Having given the best years of their lives to the country, it becomes a national obligation to resettle and rehabilitate the ex-servicemen.
An ex-serviceman is a person who has served in any rank, whether as a combatant or as non-combatant, in the Armed Forces of the Union of India, including the Armed forces of former Indian States, but excluding the Assam Rifles, Defence Security Corps, General Reserve Engineering Force, Lok Sahayak Sena and Territorial Army, for a continuous period of not less than 6 months after attestation and has been released, otherwise than by way of dismissal or discharge on account of misconduct or inefficiency or has been transferred to the reserve pending such release or has to serve for not more than 6 months for completing the period of service requisite for becoming entitled to be released or transferred to the reserve.

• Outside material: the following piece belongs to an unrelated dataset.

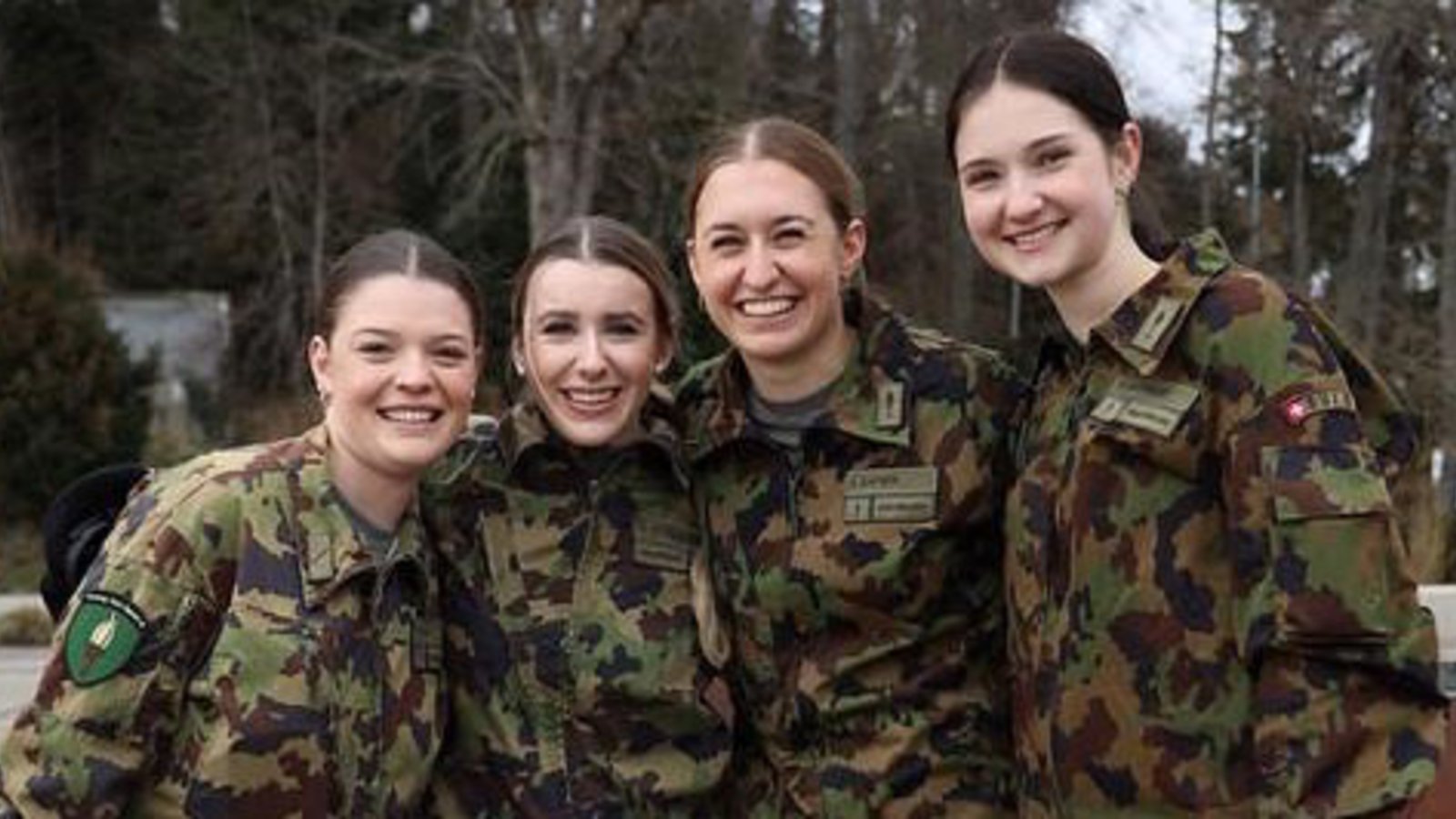 ZWISCHEN RINK UND REKRUTENSCHULE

2. Administrative Responsibility and Organisation
The Central and states/UTs are jointly responsible for the resettlement and welfare of ex-servicemen. The Kendriya Sainik Board, whose designation was introduced in 1951 for the earlier organization i.e. the District Soldiers’ Sailors’ and Airmen’s Board, is the apex body at the Central Government level.

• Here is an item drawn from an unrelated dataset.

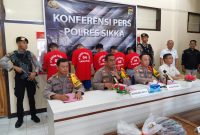 Kapolres Sikka AKBP Hardi Dinata memberikan keterangan pers terkait kasus pengeroyokan, Rabu (31/1)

At the state level, the subject of resettlement and welfare of ex-servicemen is allocated to one of the ministers in the state governments and Secretary of the Department concerned oversees the work of the Rajya Sainik Board.
The welfare funds administered by the Kendriya Sainik Board are: Flag Day Fund, Armed Forces Benevolent Fund, Armed Forces Reconstruction Fund, Special Fund for Reconstruction and Rehabilitation of Ex-servicemen, War Bereaved and Disabled Servicemen Special Relief Fund, India Solders’, Sailors’ and Airmen’s Board Fund, Services Welfare Fund and Indian Gorkha Ex-Servicemen Welfare Fund.

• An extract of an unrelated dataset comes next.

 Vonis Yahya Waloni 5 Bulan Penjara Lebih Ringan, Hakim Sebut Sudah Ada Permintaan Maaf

3. Necessity of Resettlement Assistance
The releases from Armed Forces create a reservoir of trained manpower which can profitably be made use of in various skills; are a national asset and should be utilized as such. They should be merged in the mainstream of national life so that they continue to contribute their skills for national advantage. It is felt that any delay in resettling them will only cause dissatisfaction and frustration amongst them.
Resettlement on Land
The bulk of our Jawans come from rural areas with agricultural backgrounds. Resettlement on land, however, on a major scale is no longer feasible as land is increasingly becoming scarce. Effort is, however, made to persuade state governments to accord high priority to ex-servicemen for the allocation of surplus land.
A large number of ex-servicemen have found avenues of self-employment by securing agencies of public sector undertakings in tea, fertilizers, cement, steel, salt, machine- tools, cloth, bakery products, petroleum items, photo-material, papers, transportation of scooters, milk-booths, electronic goods etc.
In the field of transport, ex-servicemen are helped through provision of tractors, discarded vehicles, and bus, taxi and truck routes including allocation of national permits for transportation of goods. For those interested in starting small scale units, consultancy services are provided in preparing project reports. Assistance is given in securing finances from banks and in marketing of products.
Dissemination of Information
Dissemination of information in regard to benefits and concessions available to ex-servicemen and their families is of paramount importance. Apart from projection of resettlement and welfare activities pertaining to ex-service- men through different media of publicity, the Directorate General Resettlement, Ministry of Defense, has brought out a comprehensive guide to Resettlement of Ex-servicemen both in English and Hindi.